Study A2304 was 64week in duration and was a multi-center, double-blind, parallel-group, active-controlled study designed to compare rates of reduction of COPD exacerbations between patients treated with QVA149 (indacaterol maleate/glycopyrronium bromide 110/50 mcg q.d.) and those treated with NVA237 (glycopyrronium 50 mcg q.d.). The studys primary objective was to demonstrate that QVA149 (110/50 mcg q.d.) is superior to NVA237 (50 mcg q.d.) with regard to the rate of moderate to severe COPD exacerbations during the treatment period of 64 weeks. The study population included clinically diagnosed COPD patients with severe to very severe COPD, and at least one documented COPD exacerbation requiring oral steroid treatment and/or antibiotics treatment in the preceding year. A total of 2,206 patients were randomized. Treatment with QVA149 resulted in a reduced annual rate of moderate/severe COPD exacerbations by 12% (p = 0.038) when compared with glycopyrronium (50 mcg). QVA149 also showed a 15% (0.001) reduction in the rate of all COPD exacerbations (mild, moderate and severe) when compared to glycopyrronium (50 mcg).

 

Given the efficacy results of the two pivotal clinical trials, and the fact that the active comparators in Study A2318 (i.e. salmeterol/fluticasone 50/500 mcg bid) and in Study 2304 (i.e. glycopyrronium 50 mcg q.d.) have previously shown statistically significant reduction of risk of moderate to severe COPD exacerbations when compared with placebo, the effect of QVA149 (indacaterol maleate/glycopyrronium bromide 110/50 mcg o.d.) on COPD exacerbations was considered clinically relevant.
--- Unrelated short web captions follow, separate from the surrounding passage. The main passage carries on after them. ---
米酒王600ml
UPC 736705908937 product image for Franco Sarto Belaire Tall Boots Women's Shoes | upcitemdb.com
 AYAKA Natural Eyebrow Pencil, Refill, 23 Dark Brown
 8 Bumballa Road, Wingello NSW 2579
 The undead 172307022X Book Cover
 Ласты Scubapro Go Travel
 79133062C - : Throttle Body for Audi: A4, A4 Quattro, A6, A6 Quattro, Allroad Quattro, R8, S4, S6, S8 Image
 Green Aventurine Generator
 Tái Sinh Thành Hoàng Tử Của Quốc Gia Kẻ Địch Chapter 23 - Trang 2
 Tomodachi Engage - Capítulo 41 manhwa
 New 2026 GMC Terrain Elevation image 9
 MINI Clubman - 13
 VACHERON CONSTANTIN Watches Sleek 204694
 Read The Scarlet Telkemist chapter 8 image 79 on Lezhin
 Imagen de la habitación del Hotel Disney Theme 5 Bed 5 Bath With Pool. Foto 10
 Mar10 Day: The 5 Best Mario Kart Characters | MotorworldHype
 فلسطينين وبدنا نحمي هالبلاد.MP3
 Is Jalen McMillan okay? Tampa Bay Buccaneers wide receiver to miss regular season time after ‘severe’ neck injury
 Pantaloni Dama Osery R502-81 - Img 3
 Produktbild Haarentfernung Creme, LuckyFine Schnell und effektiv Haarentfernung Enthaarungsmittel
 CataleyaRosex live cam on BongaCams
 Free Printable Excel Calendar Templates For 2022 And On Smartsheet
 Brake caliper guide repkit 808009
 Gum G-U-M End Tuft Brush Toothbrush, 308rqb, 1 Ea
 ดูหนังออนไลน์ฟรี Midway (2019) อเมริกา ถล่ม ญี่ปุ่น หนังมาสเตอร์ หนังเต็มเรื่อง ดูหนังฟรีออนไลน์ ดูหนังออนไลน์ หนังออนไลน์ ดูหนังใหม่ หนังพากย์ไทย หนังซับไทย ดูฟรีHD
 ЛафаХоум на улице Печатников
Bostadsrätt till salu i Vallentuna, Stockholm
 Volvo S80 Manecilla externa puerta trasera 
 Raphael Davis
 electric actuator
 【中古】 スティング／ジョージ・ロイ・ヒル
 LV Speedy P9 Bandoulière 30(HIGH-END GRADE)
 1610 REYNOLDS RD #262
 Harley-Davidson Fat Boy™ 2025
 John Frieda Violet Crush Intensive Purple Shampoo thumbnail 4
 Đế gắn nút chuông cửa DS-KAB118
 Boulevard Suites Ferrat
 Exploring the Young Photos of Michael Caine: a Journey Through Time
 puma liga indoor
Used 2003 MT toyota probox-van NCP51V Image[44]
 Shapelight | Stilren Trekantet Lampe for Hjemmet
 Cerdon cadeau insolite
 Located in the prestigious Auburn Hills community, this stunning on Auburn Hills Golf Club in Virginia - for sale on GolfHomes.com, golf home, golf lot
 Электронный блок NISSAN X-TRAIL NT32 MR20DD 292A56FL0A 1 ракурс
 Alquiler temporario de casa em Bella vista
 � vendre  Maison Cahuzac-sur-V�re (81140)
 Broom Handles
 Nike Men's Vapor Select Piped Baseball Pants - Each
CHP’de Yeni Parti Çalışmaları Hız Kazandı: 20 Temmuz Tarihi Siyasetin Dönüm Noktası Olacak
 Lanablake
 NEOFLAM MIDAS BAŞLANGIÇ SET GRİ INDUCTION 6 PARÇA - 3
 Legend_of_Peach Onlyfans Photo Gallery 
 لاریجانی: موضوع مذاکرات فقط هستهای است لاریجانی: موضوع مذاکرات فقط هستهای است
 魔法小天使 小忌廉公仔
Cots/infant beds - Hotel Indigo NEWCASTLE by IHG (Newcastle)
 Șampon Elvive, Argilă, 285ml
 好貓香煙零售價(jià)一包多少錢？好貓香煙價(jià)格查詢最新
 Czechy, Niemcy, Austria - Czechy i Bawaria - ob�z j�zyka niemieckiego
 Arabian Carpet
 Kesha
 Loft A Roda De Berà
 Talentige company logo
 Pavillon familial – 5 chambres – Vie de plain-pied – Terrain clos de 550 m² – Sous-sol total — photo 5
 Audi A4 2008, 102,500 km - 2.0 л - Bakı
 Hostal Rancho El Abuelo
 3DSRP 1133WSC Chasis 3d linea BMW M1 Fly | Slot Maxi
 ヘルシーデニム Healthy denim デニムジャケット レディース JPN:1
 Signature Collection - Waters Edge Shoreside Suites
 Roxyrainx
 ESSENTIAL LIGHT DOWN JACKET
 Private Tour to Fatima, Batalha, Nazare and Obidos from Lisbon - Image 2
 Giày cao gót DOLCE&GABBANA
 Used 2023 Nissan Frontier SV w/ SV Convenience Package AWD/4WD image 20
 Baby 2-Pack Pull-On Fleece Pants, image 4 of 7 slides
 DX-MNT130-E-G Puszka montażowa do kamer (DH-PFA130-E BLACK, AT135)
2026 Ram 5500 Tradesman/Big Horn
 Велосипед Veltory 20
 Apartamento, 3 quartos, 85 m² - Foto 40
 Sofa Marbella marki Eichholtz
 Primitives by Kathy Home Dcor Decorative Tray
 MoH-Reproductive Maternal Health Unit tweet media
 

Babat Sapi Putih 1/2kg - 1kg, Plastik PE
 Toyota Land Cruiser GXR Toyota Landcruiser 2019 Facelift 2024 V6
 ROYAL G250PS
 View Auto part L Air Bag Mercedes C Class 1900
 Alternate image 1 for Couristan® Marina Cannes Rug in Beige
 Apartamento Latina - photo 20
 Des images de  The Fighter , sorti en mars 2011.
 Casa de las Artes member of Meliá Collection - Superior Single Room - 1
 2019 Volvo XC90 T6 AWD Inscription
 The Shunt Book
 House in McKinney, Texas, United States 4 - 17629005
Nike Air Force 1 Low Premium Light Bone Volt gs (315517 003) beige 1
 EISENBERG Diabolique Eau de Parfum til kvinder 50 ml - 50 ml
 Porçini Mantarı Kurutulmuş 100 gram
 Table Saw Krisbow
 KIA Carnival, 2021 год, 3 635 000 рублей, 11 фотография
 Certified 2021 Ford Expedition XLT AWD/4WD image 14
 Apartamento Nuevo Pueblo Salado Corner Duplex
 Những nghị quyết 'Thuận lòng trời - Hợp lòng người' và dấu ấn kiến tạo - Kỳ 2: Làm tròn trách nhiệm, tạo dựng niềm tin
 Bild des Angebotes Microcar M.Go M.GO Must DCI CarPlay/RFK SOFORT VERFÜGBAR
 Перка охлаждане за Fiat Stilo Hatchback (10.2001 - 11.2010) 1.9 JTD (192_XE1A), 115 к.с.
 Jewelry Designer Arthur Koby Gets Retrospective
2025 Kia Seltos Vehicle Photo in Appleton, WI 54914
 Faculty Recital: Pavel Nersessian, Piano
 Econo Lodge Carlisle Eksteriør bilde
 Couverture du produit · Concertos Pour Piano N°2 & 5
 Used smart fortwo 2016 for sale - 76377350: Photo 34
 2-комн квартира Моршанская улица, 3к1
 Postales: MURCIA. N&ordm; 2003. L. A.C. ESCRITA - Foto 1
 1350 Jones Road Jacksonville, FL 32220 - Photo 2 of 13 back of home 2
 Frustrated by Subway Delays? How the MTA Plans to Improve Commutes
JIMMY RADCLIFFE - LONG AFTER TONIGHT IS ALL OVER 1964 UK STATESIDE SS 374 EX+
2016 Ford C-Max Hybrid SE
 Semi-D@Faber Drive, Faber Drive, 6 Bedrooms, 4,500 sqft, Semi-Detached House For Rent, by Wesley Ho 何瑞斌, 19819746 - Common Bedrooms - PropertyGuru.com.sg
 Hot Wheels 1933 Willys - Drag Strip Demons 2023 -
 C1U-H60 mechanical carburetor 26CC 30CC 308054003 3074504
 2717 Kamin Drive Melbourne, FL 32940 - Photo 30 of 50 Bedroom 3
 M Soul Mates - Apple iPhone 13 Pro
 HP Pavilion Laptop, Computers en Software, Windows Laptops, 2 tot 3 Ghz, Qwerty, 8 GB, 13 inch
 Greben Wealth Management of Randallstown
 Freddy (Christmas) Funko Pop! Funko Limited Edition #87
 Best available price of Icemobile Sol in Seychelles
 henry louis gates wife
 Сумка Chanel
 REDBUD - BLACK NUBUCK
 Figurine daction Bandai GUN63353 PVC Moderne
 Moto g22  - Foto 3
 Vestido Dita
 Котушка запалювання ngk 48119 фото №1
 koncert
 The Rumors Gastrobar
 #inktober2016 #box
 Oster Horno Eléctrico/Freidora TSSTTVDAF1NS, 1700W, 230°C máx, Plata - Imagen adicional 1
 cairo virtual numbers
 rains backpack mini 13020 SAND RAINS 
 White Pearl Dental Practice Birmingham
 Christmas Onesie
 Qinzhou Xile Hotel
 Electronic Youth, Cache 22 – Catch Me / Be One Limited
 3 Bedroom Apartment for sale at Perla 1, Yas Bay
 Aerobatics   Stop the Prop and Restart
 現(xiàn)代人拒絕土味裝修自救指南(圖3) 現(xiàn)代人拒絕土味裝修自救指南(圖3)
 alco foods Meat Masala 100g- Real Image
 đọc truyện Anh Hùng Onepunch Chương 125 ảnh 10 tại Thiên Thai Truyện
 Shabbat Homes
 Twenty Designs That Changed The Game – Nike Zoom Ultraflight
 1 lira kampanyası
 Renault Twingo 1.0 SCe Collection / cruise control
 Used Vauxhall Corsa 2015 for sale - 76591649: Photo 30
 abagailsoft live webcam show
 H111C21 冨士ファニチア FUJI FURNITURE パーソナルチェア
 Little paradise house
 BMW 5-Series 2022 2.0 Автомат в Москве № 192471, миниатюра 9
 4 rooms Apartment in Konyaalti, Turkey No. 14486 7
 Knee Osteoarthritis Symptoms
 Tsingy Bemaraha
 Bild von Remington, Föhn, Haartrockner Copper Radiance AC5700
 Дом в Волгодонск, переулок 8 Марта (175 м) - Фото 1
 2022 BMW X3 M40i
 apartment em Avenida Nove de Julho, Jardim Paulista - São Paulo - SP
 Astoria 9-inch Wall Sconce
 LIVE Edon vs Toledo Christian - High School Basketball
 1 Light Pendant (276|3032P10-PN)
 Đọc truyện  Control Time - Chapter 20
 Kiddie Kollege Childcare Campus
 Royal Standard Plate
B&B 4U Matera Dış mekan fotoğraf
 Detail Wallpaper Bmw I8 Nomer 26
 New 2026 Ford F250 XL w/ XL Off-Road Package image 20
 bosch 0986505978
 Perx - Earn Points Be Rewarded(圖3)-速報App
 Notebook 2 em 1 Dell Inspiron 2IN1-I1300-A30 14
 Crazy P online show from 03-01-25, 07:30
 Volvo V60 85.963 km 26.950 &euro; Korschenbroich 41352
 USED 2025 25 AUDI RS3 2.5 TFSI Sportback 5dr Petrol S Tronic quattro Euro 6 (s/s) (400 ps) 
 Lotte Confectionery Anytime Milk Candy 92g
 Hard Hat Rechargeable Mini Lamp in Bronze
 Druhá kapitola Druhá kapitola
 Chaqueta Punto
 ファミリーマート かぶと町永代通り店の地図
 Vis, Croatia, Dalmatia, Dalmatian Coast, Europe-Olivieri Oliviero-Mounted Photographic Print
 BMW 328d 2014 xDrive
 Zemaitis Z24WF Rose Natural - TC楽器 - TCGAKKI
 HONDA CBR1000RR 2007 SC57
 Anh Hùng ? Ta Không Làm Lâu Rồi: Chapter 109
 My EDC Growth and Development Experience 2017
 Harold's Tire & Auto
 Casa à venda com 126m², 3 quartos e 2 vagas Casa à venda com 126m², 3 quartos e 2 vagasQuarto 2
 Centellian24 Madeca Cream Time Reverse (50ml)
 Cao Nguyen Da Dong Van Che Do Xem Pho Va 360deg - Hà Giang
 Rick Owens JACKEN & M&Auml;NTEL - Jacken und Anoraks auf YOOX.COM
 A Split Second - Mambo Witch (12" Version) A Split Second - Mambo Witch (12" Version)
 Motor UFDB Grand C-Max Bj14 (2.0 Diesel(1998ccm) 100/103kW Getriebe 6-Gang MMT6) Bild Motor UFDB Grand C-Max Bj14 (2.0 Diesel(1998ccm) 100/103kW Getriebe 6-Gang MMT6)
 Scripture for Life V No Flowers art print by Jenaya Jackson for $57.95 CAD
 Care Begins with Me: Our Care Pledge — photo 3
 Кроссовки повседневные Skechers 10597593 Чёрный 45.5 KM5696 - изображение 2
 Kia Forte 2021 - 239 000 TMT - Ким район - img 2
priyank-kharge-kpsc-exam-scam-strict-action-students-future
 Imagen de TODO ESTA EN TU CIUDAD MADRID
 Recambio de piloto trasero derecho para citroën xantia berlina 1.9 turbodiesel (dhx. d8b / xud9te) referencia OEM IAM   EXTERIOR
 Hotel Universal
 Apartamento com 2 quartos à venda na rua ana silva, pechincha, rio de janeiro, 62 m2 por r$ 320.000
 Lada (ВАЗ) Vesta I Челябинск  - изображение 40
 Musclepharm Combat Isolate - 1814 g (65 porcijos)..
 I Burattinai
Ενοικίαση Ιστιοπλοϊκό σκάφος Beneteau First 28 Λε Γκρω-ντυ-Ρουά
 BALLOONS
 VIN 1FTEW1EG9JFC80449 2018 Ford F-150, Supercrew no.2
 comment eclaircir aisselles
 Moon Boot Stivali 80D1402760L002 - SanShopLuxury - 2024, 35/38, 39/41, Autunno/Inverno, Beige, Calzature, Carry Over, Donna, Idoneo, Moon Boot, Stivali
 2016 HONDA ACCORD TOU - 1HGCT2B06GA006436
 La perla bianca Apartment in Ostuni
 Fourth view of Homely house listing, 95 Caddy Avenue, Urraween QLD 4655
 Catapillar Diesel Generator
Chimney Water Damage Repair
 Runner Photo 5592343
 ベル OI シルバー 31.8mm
However the effect on COPD exacerbation beyond 64 weeks and among patients without a history of moderate/severe exacerbation in the past 12 months remains unknown.

 

Safety data from Study A2304 was previously reviewed and adequately described in the PM of Ultibro Breezhaler. The adverse effects (AEs) observed in Study A2318 were consistent with previous trials. The overall incidence of AEs was similar across the treatment arms. The most commonly affected primary system organ class was respiratory disorders, the frequency of AEs was less than 10% and similar between the treatment arms. The most frequently reported AE was COPD, which was reported 77.4% in the QVA149 arm compared to 81.8% in salmeterol/fluticasone arm. Other frequently reported AEs (>5% in both treatment arms) were nasopharyngitis (11.7% vs. 11.6%), viral upper respiratory tract infection (7.9% vs. 8.2%) and upper respiratory tract infection bacterial (7.4% vs. 10.0%), respectively. The number of death during the study period was comparable in each study arm (24 deaths/ arm). Adverse events suspected to be related to study drug were similar between two treatment groups. The proportion of patients experiencing a serious adverse effect (SAE) was similar across the treatment arms (18.4% and 19.9% in QVA149 and salmeterol/fluticasone arms, respectively). The incidence of overall adjudicated major adverse cardiac event and/or cardiovascular deaths was similar and balanced between the treatment arms. However, the long-term safety of QVA149 beyond 64 weeks remains unknown.

The overall benefit and risk profile of Ultibro Breezhaler for the previously approve indication and the new indication for the reduction of exacerbations of COPD in patients with a history of exacerbations is favourable.